----- Dataset excerpts

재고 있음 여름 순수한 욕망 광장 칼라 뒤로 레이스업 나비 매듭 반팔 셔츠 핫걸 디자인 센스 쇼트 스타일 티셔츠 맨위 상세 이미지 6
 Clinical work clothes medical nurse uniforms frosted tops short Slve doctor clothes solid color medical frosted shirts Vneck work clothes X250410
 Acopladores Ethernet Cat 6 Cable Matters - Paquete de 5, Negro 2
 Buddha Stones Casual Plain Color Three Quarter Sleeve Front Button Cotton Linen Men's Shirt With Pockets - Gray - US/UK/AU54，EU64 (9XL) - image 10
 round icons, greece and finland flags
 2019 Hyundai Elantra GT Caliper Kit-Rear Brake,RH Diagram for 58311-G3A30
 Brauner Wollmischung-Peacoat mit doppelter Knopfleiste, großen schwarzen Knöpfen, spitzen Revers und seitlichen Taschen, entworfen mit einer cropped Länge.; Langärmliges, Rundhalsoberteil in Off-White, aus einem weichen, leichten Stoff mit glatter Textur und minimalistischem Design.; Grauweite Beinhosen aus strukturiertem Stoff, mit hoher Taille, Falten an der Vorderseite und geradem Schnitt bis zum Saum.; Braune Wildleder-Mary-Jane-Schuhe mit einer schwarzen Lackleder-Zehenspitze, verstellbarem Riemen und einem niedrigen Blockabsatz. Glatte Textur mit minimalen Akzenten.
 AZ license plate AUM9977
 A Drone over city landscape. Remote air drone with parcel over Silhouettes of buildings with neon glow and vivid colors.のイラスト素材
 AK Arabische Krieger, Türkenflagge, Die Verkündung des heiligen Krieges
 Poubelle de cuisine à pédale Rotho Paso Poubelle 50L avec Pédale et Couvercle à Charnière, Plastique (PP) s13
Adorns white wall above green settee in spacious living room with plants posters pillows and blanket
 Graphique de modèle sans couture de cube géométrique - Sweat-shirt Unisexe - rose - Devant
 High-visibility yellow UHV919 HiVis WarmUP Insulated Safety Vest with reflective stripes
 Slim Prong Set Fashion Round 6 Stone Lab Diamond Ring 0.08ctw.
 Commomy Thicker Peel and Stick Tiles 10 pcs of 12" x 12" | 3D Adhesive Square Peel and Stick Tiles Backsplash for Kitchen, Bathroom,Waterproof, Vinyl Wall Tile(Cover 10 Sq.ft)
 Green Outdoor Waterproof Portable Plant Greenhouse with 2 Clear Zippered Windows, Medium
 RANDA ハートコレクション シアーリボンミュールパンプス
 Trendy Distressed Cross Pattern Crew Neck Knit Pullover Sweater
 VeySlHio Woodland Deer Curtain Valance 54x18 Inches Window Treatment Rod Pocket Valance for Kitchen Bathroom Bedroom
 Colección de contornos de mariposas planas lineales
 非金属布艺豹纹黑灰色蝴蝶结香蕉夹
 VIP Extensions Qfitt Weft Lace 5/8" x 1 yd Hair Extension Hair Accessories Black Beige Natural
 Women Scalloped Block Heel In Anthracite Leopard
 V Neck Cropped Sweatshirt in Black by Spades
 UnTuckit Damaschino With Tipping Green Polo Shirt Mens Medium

----------

» Task requirements:
Copy out all lines from the records where the word "Bathroom" appears.

» Solution to the exercise:
 Commomy Thicker Peel and Stick Tiles 10 pcs of 12" x 12" | 3D Adhesive Square Peel and Stick Tiles Backsplash for Kitchen, Bathroom,Waterproof, Vinyl Wall Tile(Cover 10 Sq.ft)
 VeySlHio Woodland Deer Curtain Valance 54x18 Inches Window Treatment Rod Pocket Valance for Kitchen Bathroom Bedroom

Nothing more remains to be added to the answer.